Microsatellite Instability, Epstein-Barr Virus, p53, and β-Catenin in Early Gastric Cancers: Clinicopathologic Association.

Background/aim: Endoscopic submucosal dissection (ESD) effectively treats selected early gastric cancers (EGCs). However, the association of microsatellite instability (MSI), Epstein-Barr virus (EBV), p53, and β-catenin status with clinicopathologic parameters in EGCs treated with ESD have not been well studied.

Patients and methods: We retrospectively collected 312 consecutive EGC cases treated with ESD from January 2021 to December 2023 at Kyungpook National University Chilgok Hospital. MSI polymerase chain reaction, EBV encoded RNA in situ hybridization, and p53 and β-catenin immunostaining were performed for all cases.
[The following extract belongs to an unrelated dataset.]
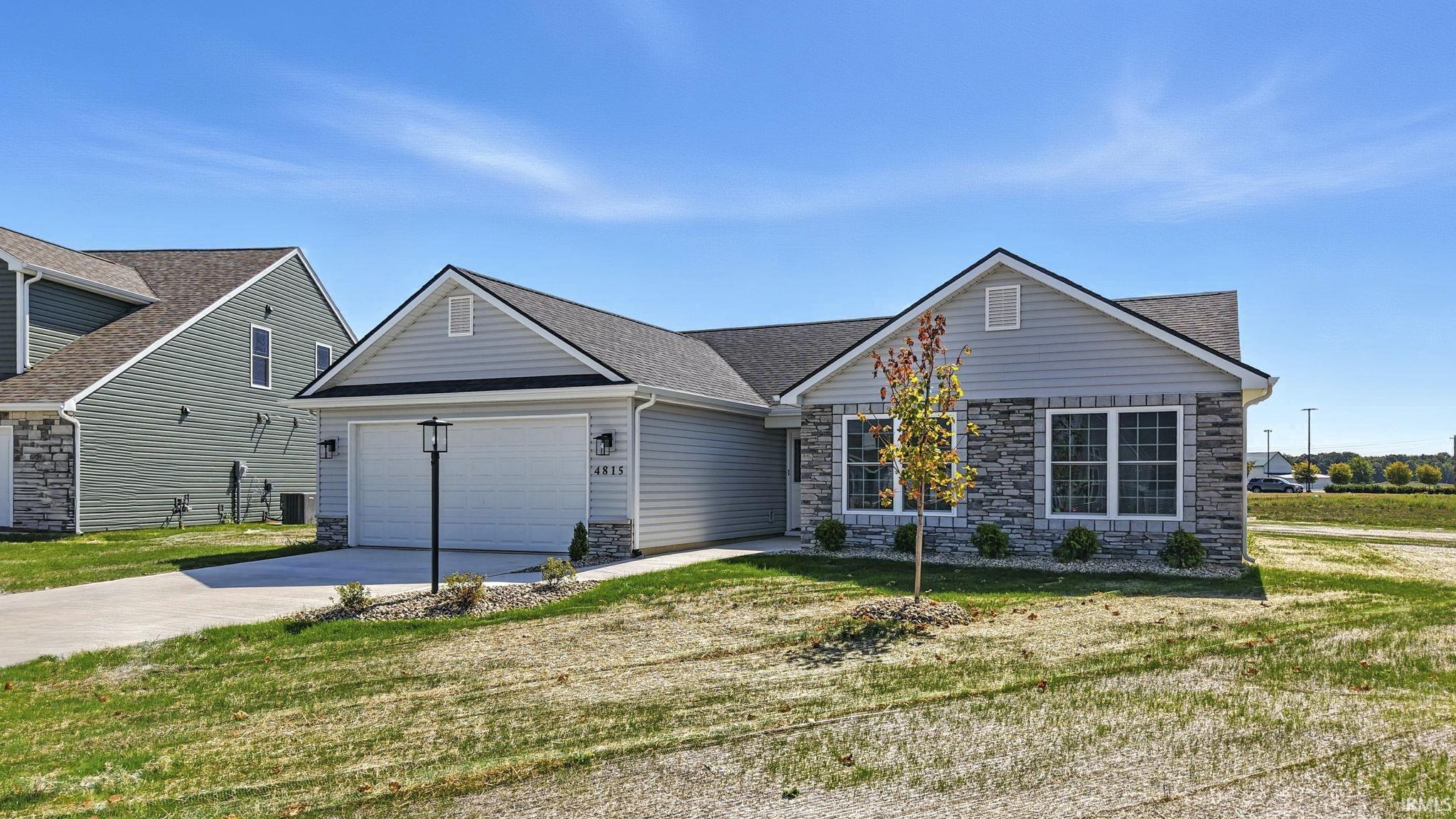 View of front of home with concrete driveway, stone siding, a front lawn, a garage, and a shingled roof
Results: Among 312 EGC cases, there were 42 MSI-High (MSI-H) cases (13.5%), 13 EBV-associated gastric cancer (EBVaGC) cases (4.2%), 249 intestinal type cases (79.8%), and eight poorly cohesive carcinoma cases (2.6%). MSI-H was significantly associated with lymphovascular invasion (p=0.02), local recurrence (p=0.03), and synchronous tumors (p<0.001). More than half of EBVaGC cases showed submucosal invasion (61.5%, 8/13) (p=0.016). Consequently, non-curative ESD was more frequently found in EBVaGC than in other subtypes (p<0.001). Mutant p53 patterns and nuclear translocation of β-catenin were almost exclusively found in the intestinal type (p<0.001), without association with clinicopathologic parameters. Margin involvement was frequent in poorly cohesive carcinoma (p=0.003).

Conclusion: We demonstrated that MSI-H and EBVaGC are strongly associated with clinicopathologic parameters and risk factors in EGCs treated with ESD. Molecular testing of gastric cancers should be considered before ESD for better patient management.